Framed by Smith’s narrated misgivings, the film recounts the careless work by detectives, who first focus on the black factory worker who finds the body, Newt Lee (Gordon Danniels), “sweating” him in “repeated interrogations, even firing a gun next to his head.” They consider several other suspects as well, including Conley, who “produces four affidavits,” eventually landing on the story that saves him, that Frank had him write the “murder notes” in order to cover up his (Frank’s) crime. The film emphasizes the policemen’s own bigotry in close-ups of their reactions to Conley and then Frank, whose “high-strung nature,” says Steve Oney, author of The Dead Shall Rise, “offends” them. The film reenacts their arrival at Frank’s front door, where his wife Lucille (Katie Kneeland) behaves nervously, then Frank himself appears “foreign… an alien.” The film cuts from a shot of Frank protesting to the cops exchanging skeptical glances.
Such heavy-handed dramatization connotes the abuses heaped on Frank. The film underscores the preposterousness of the developing case against him by pointing to the multiple pathologies and prejudices that drive it. As historian Leonard Dinnerstein reports, the police regard Conley as a “dumb nigger,” but this only makes his version of events more credible, because “If the two white men, who are smart, can’t break his story, then he must be telling the truth.” When, in the courtroom, Conley adds that he’s seen Frank with other girl employees in his office, the headlines overtake any ostensibly rational legal proceedings. “The Ebony Chevalier of Crime is Darktown’s Own Hero,” proclaims one, as Dinnerstein notes that he becomes “the most famous black man in Atlanta.” As the film shows (in another reenactment), Conley’s lawyer comes to doubt him too late, after the Frank lynching. Still, Smith’s own investigation — of Conley’s speech and handwriting patterns, key to the case — produces what Smith’s grandson calls here “a credible linguistic fingerprint.”

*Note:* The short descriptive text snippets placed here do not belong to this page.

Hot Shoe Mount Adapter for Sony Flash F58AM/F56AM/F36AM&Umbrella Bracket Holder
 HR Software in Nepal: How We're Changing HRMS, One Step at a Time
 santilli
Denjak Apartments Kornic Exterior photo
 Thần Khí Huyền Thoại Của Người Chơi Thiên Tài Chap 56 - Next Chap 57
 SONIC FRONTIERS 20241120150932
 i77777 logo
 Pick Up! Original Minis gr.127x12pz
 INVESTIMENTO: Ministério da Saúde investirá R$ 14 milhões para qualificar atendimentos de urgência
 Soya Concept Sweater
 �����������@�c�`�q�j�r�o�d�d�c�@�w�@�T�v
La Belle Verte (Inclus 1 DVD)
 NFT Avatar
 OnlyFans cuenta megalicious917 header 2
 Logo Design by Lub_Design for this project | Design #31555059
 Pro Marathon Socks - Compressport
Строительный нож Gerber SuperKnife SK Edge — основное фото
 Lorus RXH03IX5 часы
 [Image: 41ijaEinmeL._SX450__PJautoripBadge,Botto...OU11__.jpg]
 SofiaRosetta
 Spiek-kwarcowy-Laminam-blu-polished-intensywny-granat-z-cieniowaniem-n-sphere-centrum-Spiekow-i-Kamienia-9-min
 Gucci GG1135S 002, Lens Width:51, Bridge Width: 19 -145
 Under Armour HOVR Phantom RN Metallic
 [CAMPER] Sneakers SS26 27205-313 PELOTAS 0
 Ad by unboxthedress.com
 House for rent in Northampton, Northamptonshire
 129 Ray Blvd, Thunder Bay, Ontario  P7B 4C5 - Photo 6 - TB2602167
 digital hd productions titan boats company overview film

The film indicts not only the shoddy police work and lawyering, but also the public hysteria advanced by local newspapers, including The Georgian, recently purchased by William Randolph Hearst and running doctored photos of the girl’s body along with breathless daily updates on the investigation. (The Georgian, by the way, has hired William Smith, known to defend black clients and believe in “equal justice for blacks,” to look out for Jim Conley.) This sort of storytelling expands when Arthur Ochs’ New York Times steps in to decry to anti-Semitism that frames the conviction, and Tom Watson’s Jeffersonian huts back with fearful, angry insinuations concerning Jewish ownership of businesses and newspapers. In the context of such class and race tensions, the story of child laborer Mary Phagan is all but lost.